19.
Nous ne sommes point étonnés de ne pouvoir pénétrer ses voies impénétrables. En effet, passant sous silence ces innombrables bienfaits que Dieu accorde aux uns et refuse aux autres, quoiqu'il n'y ait en lui aucune acception de personnes1, et quoique ces dons ne soient mérités d'aucune manière, par exemple, l'agilité, la force, la bonne santé, la beauté du corps, le talent et autres qualités de l'esprit; par exemple encore, ces dons extérieurs, l'opulence, la noblesse, les honneurs et autres biens du même genre qu'il appartient à Dieu,seul de nous conférer; passant également sous silence le baptême des enfants, baptême absolument nécessaire pour entrer dans le royaume des cieux, quoique nous ne puissions savoir pourquoi il est donné à tel enfant, tandis qu'il est refusé à tel autre, quoiqu'il dépende absolument du pouvoir absolu de Dieu et qu'il soit la condition essentielle du bonheur éternel; passant, disons-nous, sous silence tous ces bienfaits, nous nous occupons exclusivement de la persévérance, c'est-à-dire de ceux qui, au lieu de persévérer dans le bien, se jettent dans une voie mauvaise et y meurent.

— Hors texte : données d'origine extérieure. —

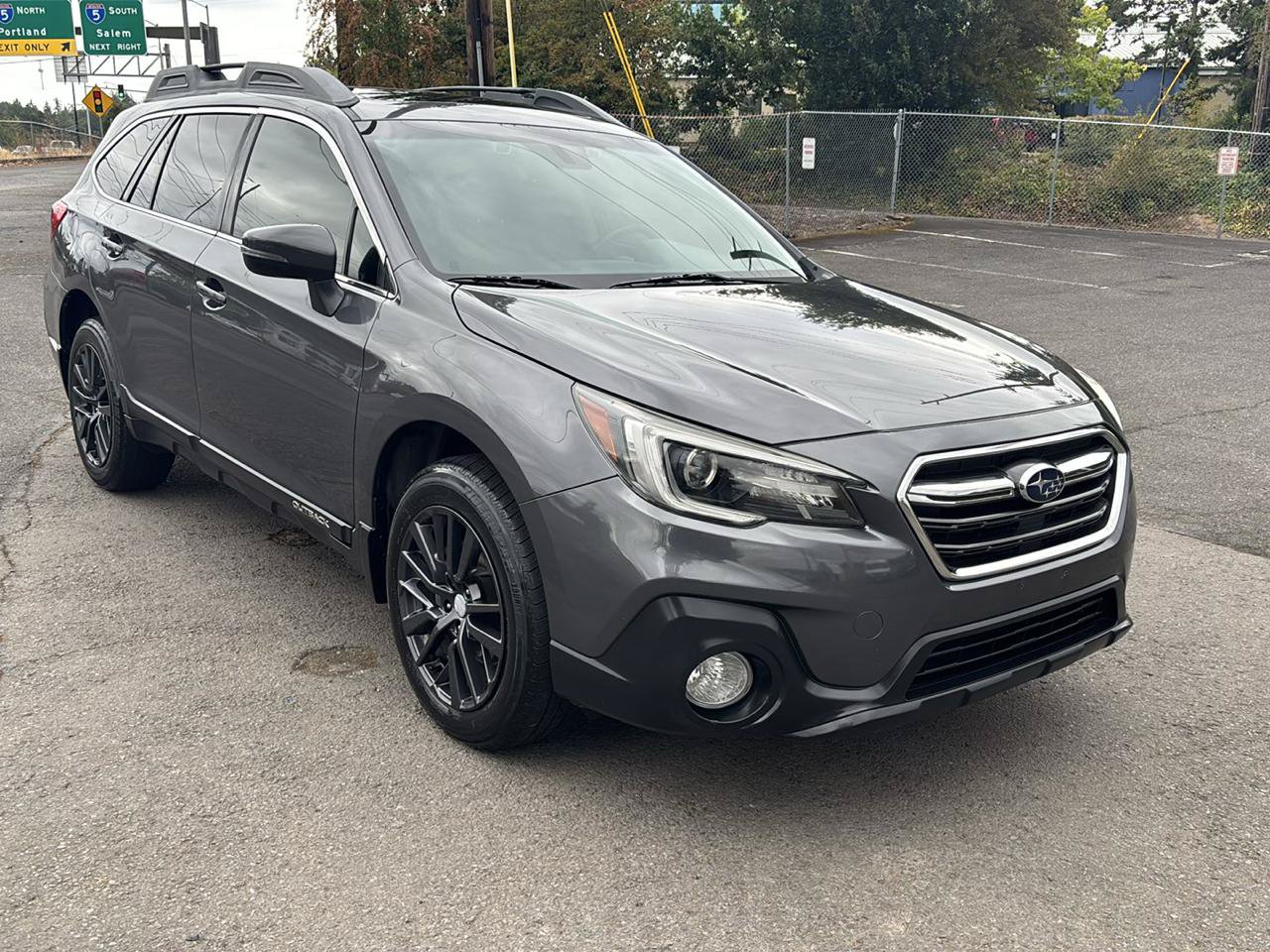 Used 2018 Subaru Outback 2.5i Limited AWD/4WD image 4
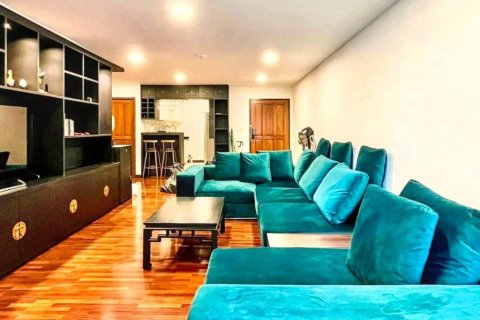 Condo in Bangkok, Thailand, 2 bedrooms  № 119703 - photo 2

Que nos adversaires nous disent, s'ils le peuvent, pourquoi ces hommes, pendant qu'ils vivaient dans la foi et la piété, n'ont pas été soustraits par Dieu aux dangers de ce monde, dans la crainte que leur méchanceté ne vînt à changer leur intelligence, et que le mensonge ne trompât leur âme. Est-ce que Dieu n'en avait pas le pouvoir, ou bien ignorait-il qu'ils devaient s'abandonner au mal? Une telle explication serait tout à la fois une folie et un crime. Pourquoi donc Dieu ne les a-t-il pas rappelés à lui? Qu'ils nous répondent, ceux qui se rient de nous entendre nous écrier dans notre étonnement : « Que ses jugements sont incompréhensibles et ses voies impénétrables !» Ou bien Dieu agit ainsi selon son bon plaisir, ou bien l'Ecriture est menteuse quand elle nous dit de la mort prématurée de l'homme juste : « Il a été ravi à la terre, dans la crainte que la malice ne changeât son intelligence ou que le mensonge ne trompât son âme2 ». Pourquoi donc Dieu fait-il cette grâce aux uns, tandis qu'il la refusé aux autres, lui en qui il ne saurait y avoir ni iniquité, ni acception de personnes, et qui est parfaitement le maître d'arracher l'homme ou de le laisser à cette épreuve qui constitue notre vie sur la terre3 ? Les Pélagiens sont contraints d'avouer que c'est à Dieu que l'homme doit de terminer sa vie avant de quitter le bien pour se livrer au mal; mais ils ignorent pourquoi cette faveur est accordée aux uns et refusée aux autres. Qu'ils avouent donc également avec nous que, d'après les Ecritures, dont j'ai cité les témoignages, la persévérance dans le bien est une grâce que Dieu seul peut nous accorder ; et quand ils voient cette grâce accordée aux uns et refusée aux autres, s'ils en ignorent, comme nous, la raison, qu'ils se gardent bien de murmurer contre Dieu.